Background. Thymectomy for the treatment of myasthenia gravis (MG) is well established. The extent of resection, however, remains a source for debate. Outcomes for newer surgical techniques need to be compared to more extensive procedures. Methods. A retrospective review was done of 64 consecutive patients who underwent transsternal thymectomy with extended anterior mediastinal dissection for MG between 1979 and 2000 and who were operated on by a single surgeon. Results. Fifty-six patient charts were available, providing 58 operative procedures. Three patients had died of unrelated causes. The mean age of symptom onset was 36.0 ± 2.5 years, with a mean duration of 3.3 ± 0.5 years until surgery was undertaken. The mean length of follow-up was 6.8 ± 0.8 years. Operative procedures were associated with a 10.3% major morbidity rate and no mortality. Drug-free remission was achieved in 50.0% of the patients, and symptoms were absent or improved in 76.8% of the patients.
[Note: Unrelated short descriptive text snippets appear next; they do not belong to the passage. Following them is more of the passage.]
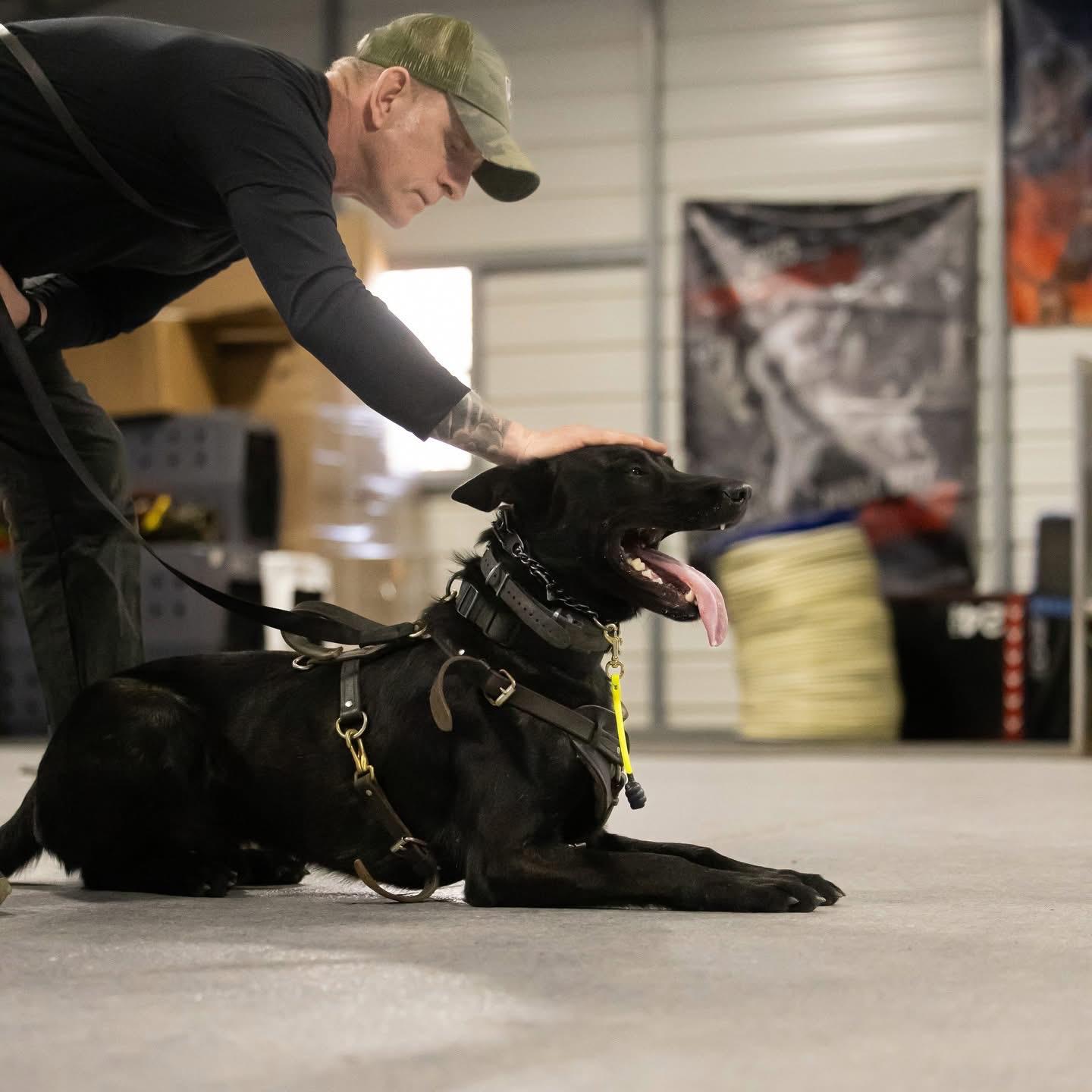 Phil kneeling to pet a black dog in a working harness during a training session at the Supreme Canine facility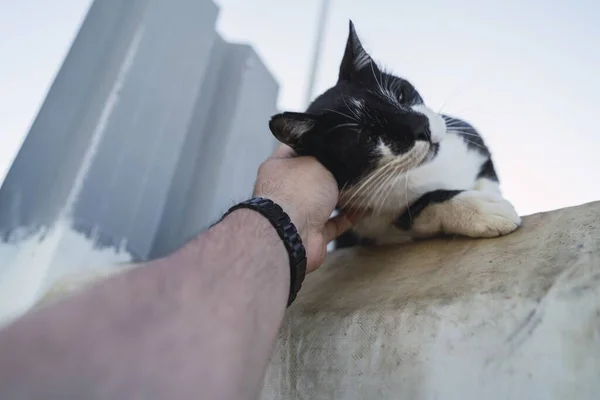 Low Angle Shot Person Holding Black White Cat Blue Sky — Stock Photo, Image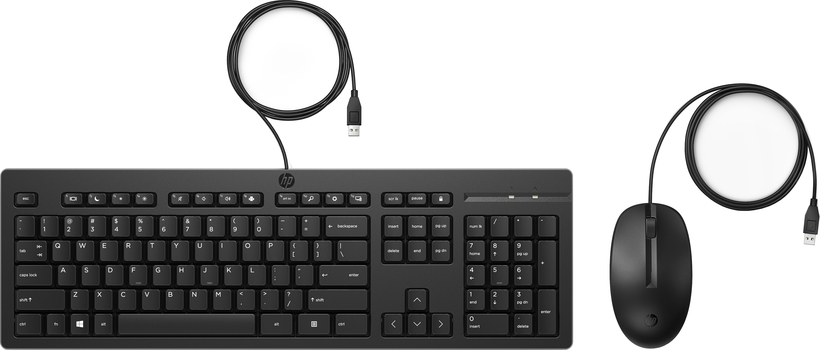 HP USB 225 Keyboard & Mouse Set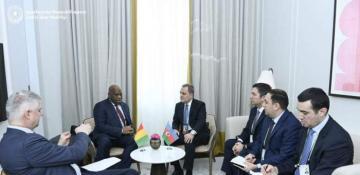 Azerbaijan and Guinea explore collaboration in multiple sectors 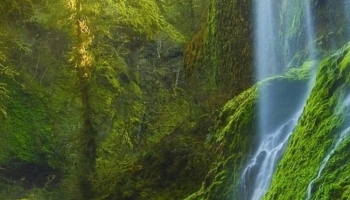 📱苔生した森と滝 iPhone 8 壁紙・待ち受け
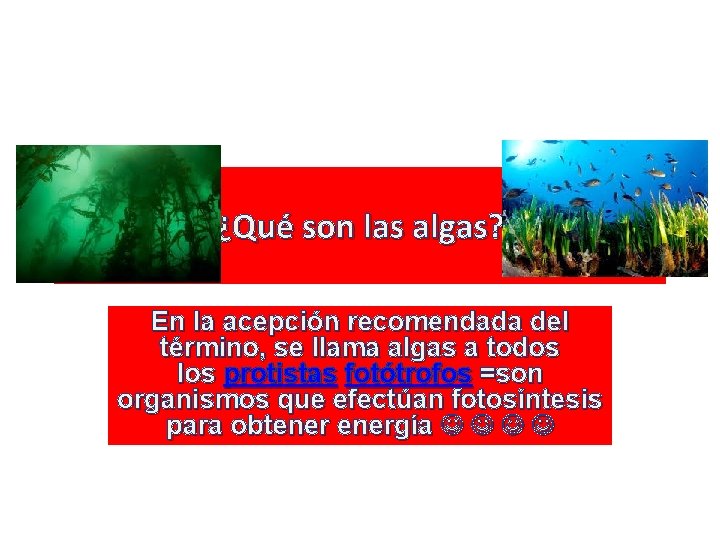 ¿Qué son las algas? En la acepción recomendada del término, se llama algas a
Patients followed up long-term (>10 years) achieved the greatest remission rate (71.4%) and symptomatic improvement (85.7%). After thymectomy, the mean dosages of prednisone and Mestinon decreased by 69.3% and 58.8%, respectively. Conclusions. Extended thymectomy provides excellent overall symptom improvement, which is enhanced over time. This review provides a basis for long-term comparison with other less invasive and perhaps less extensive procedures. (Surgery 2001;130:774-9.)